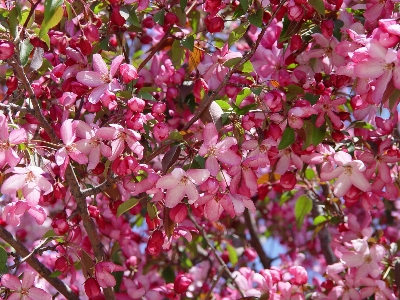 Apple tree branch blossom Photo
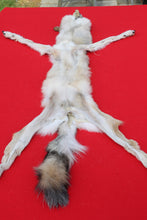 Load image into Gallery viewer, North Idaho Wolf - HAS FEET & CLAWS - WLF1017
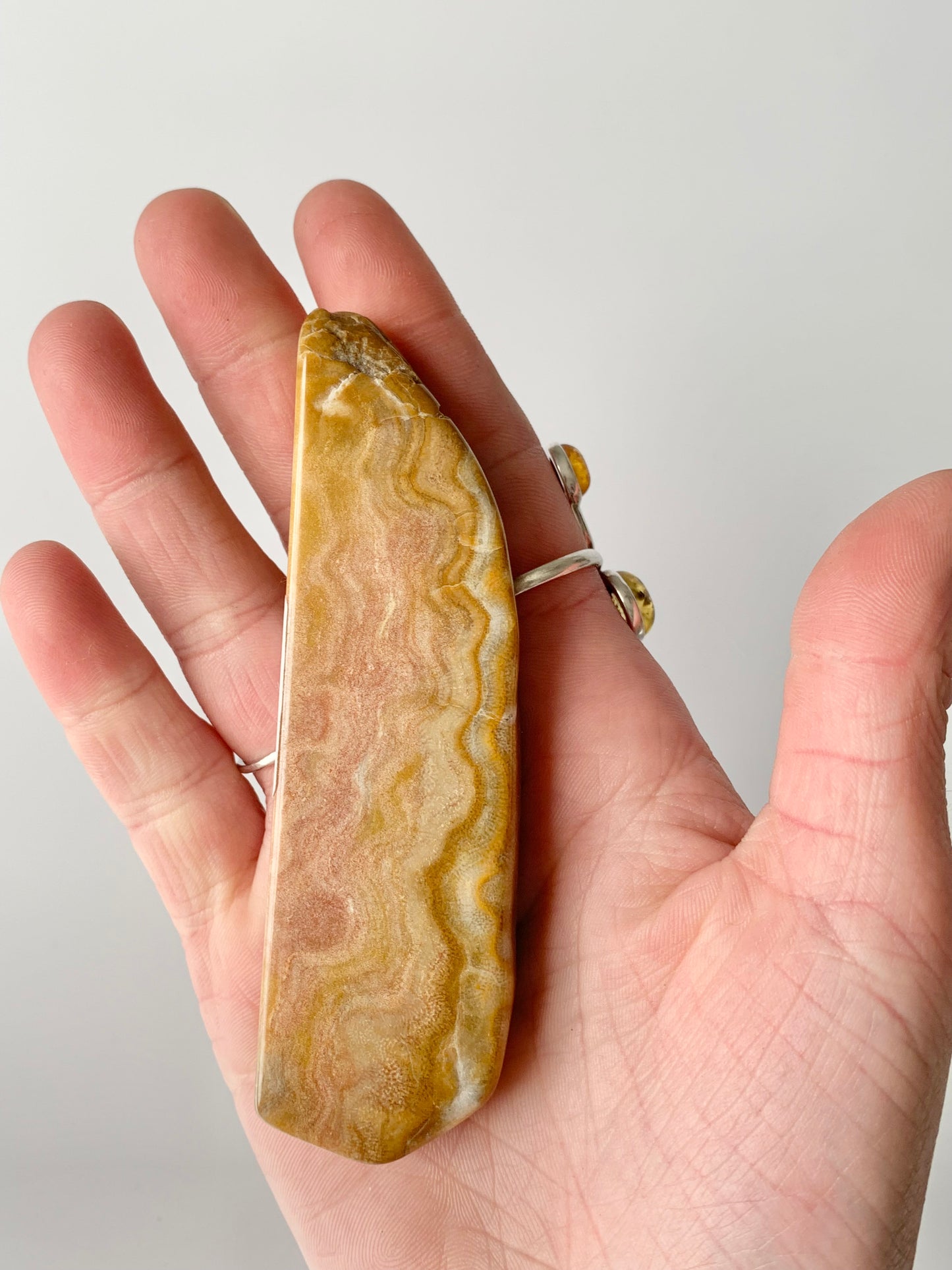Stromatoporoids Fossil Slab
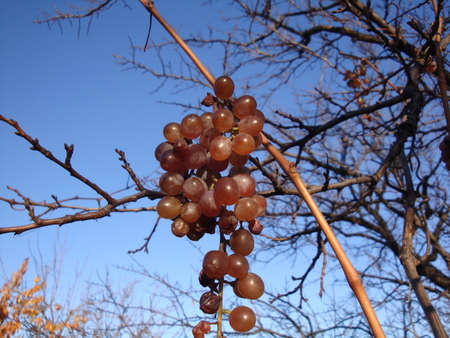 white grapes in the vineyard, close upの写真素材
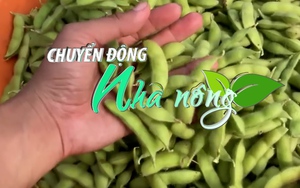 Chuyển động Nhà nông 12/10: Bắc Giang xuất khẩu thành công chuyến đậu tương đầu tiên sang Hoa Kỳ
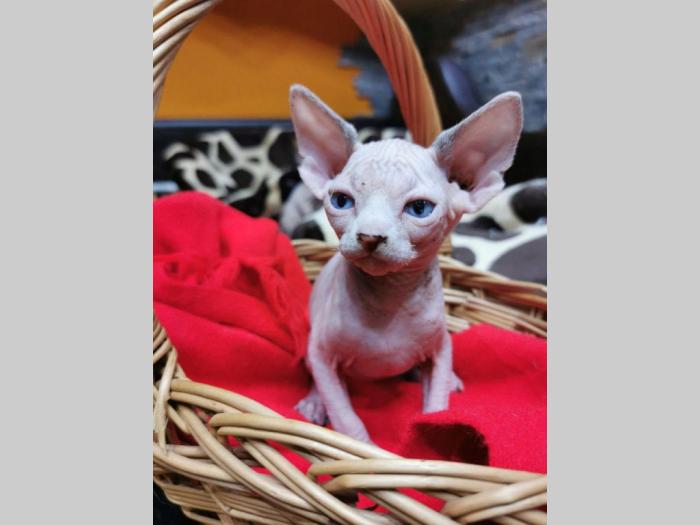 kanadske sphynx mače na prodaju besplatni mali oglasi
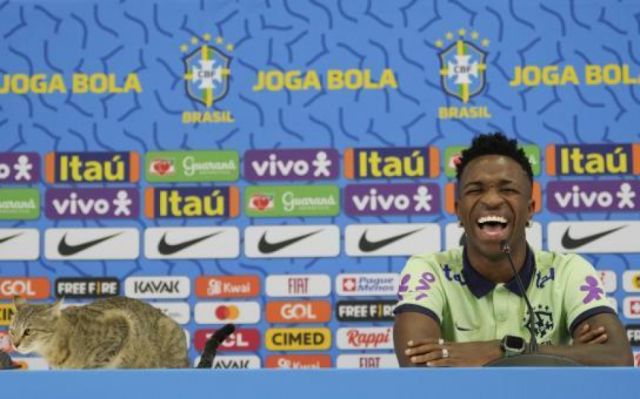 Un gato irrumpe en la rueda  de prensa de Vinicius Junior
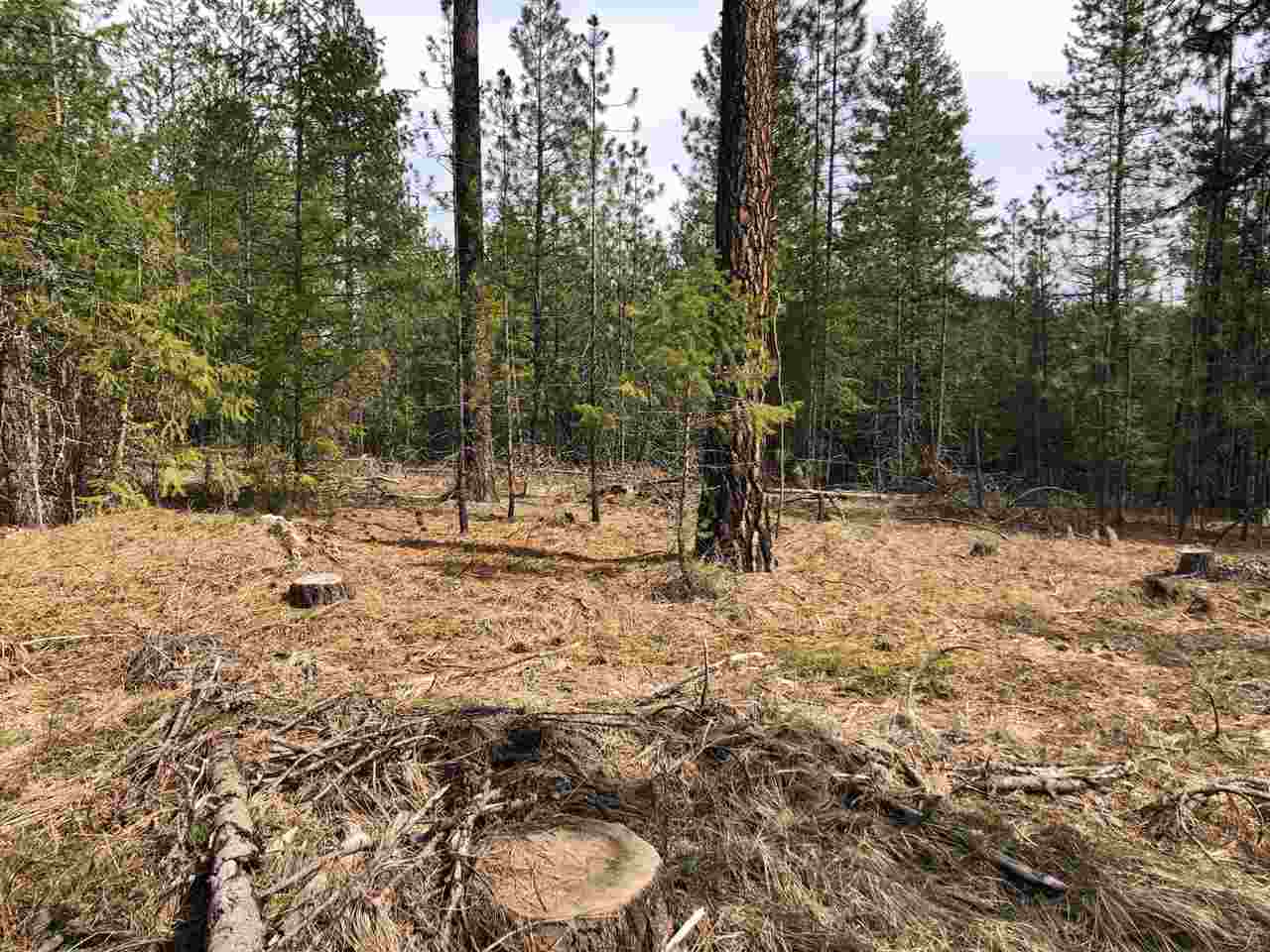 Lot 1 North Jefferson Road Elk, WA 99009 - Photo 4 of 6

**WORK REQUEST**
Each line of the listing must be restated word for word, and the pictures left out.

**FINAL ANSWER**
 Apple tree branch blossom Photo
 Load image into Gallery viewer, North Idaho Wolf - HAS FEET & CLAWS - WLF1017
Stromatoporoids Fossil Slab
 white grapes in the vineyard, close upの写真素材
 Chuyển động Nhà nông 12/10: Bắc Giang xuất khẩu thành công chuyến đậu tương đầu tiên sang Hoa Kỳ
 kanadske sphynx mače na prodaju besplatni mali oglasi
 Un gato irrumpe en la rueda  de prensa de Vinicius Junior
 Lot 1 North Jefferson Road Elk, WA 99009 - Photo 4 of 6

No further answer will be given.